Exercise:
Copy exactly the lines from the one containing "Ahri Cosplay LOL" through the last line of the records below, both included, and leave out the pictures.

Input for this task:
━━━━━━━━

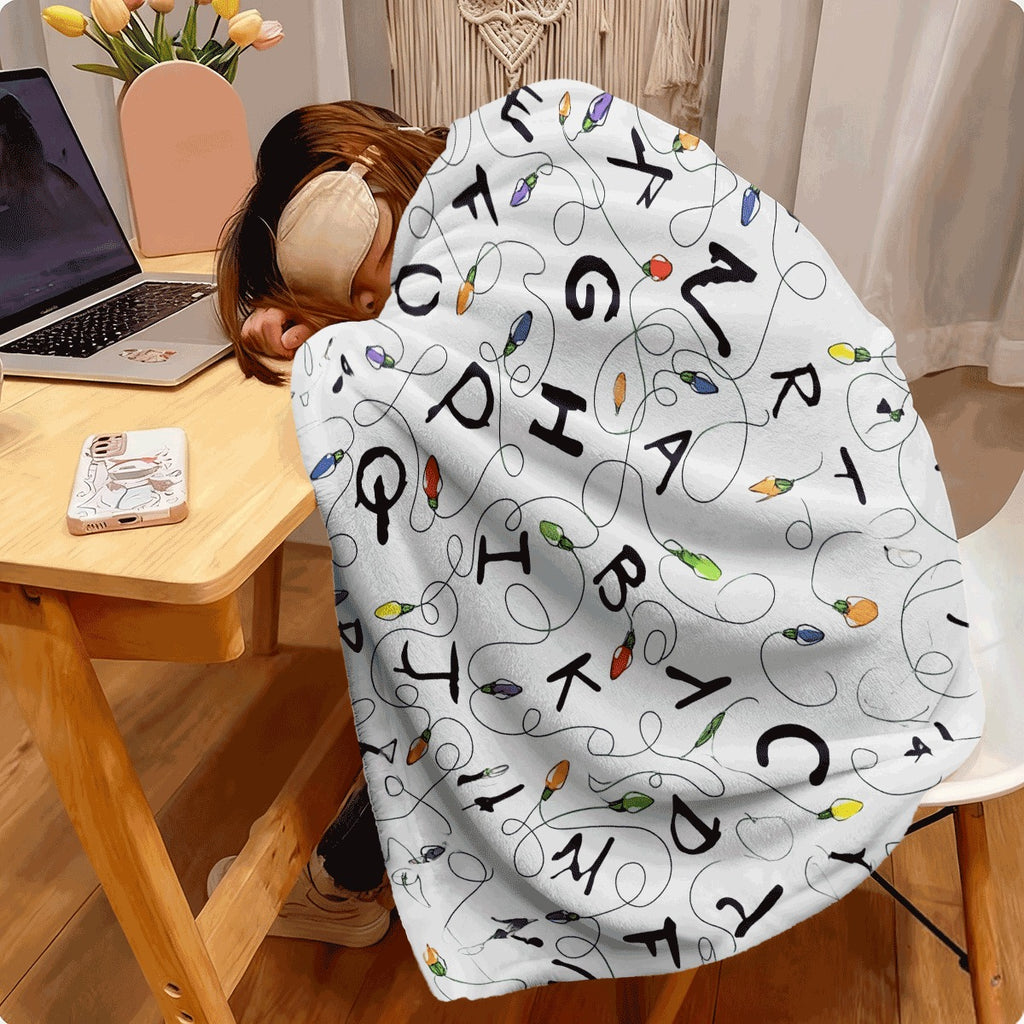 1pc Cozy Flannel Alphabet Christmas Light Blanket, Soft All-Season Throw for Holiday Decor, Cute Alphabet & Christmas Light Print Design, Ultra Plush Fabric for Home Comfort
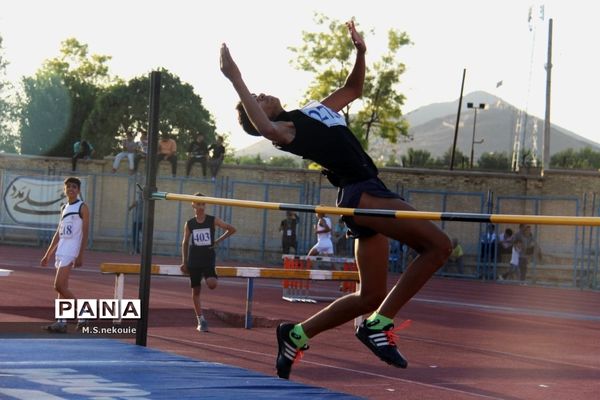 مسابقات دو و میدانی دانش‌آموزی در مرحله کشوری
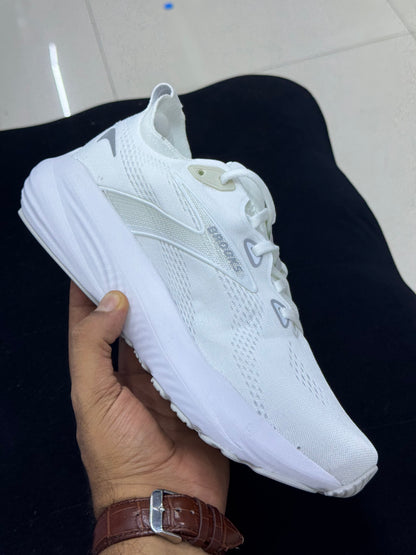 Brooks Sneakers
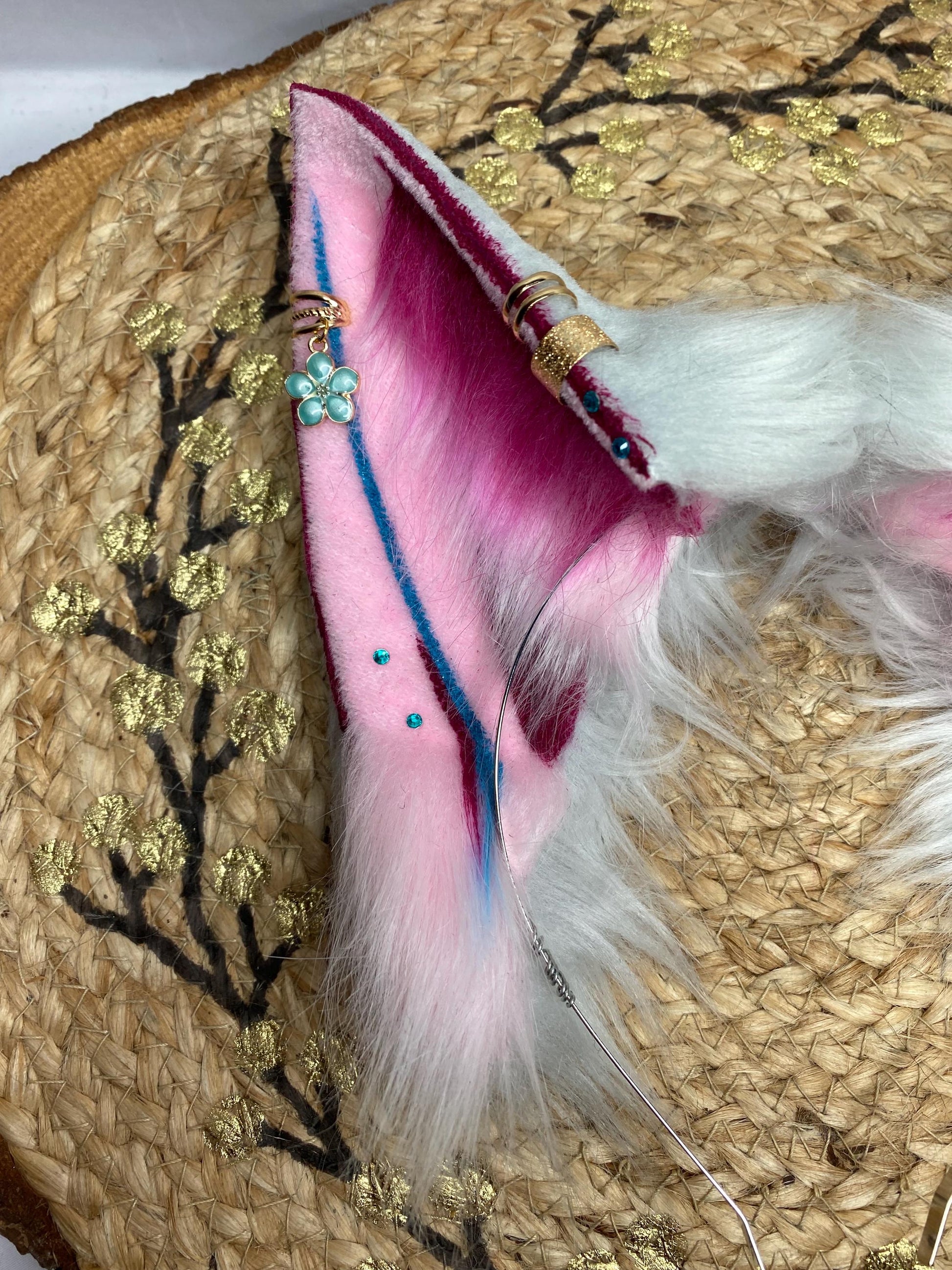 Ahri Cosplay LOL Spirit Blossom fox ears made of faux fur for cosplay, streamers, therians, furries, wearable as a headband
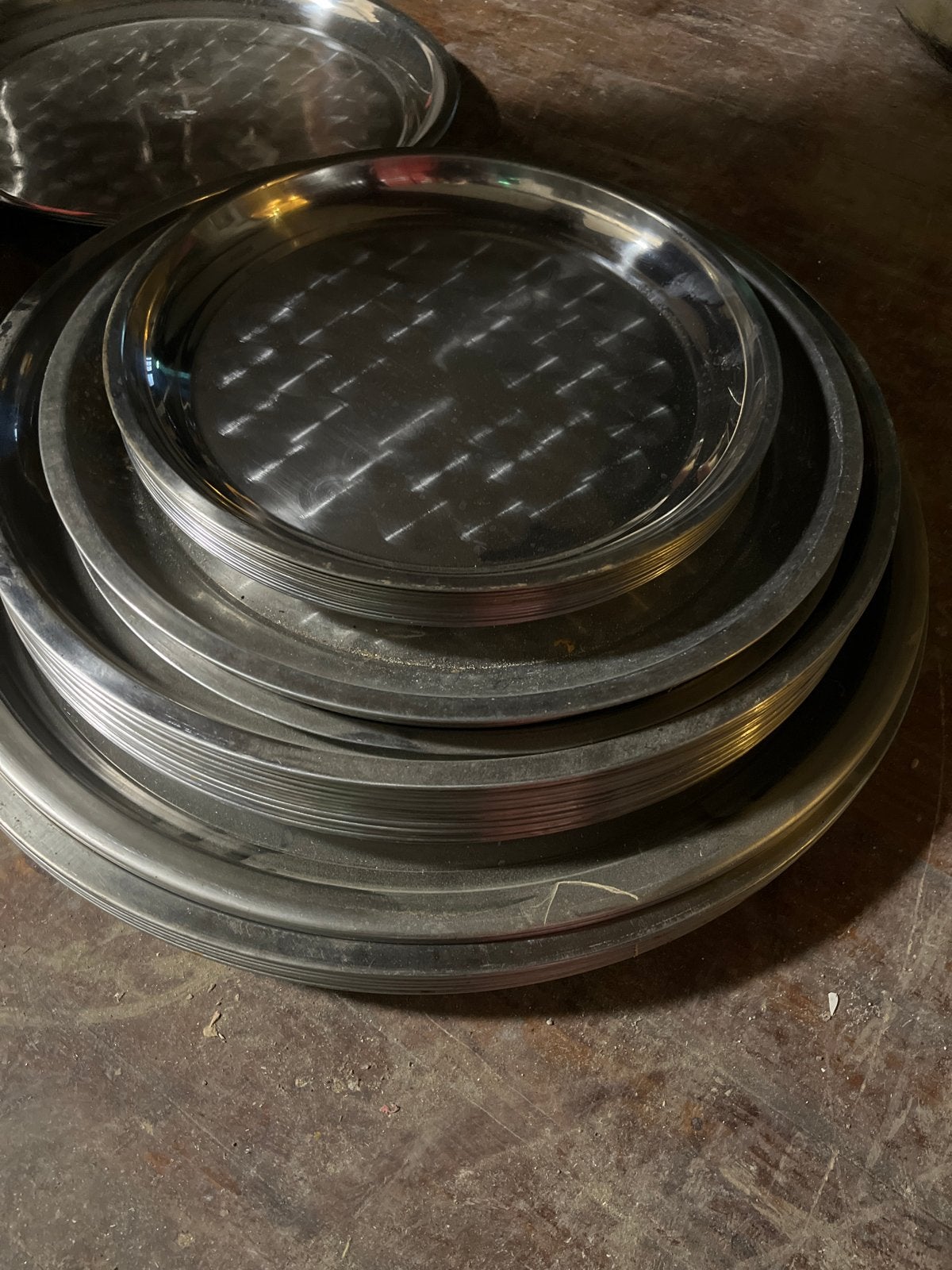 Stapel metalen borden/schalen of dienbladen, Ophalen, Gebruikt, Bord(en), Overige stijlen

━━━━━━━━

Response to this task:
 Ahri Cosplay LOL Spirit Blossom fox ears made of faux fur for cosplay, streamers, therians, furries, wearable as a headband
 Stapel metalen borden/schalen of dienbladen, Ophalen, Gebruikt, Bord(en), Overige stijlen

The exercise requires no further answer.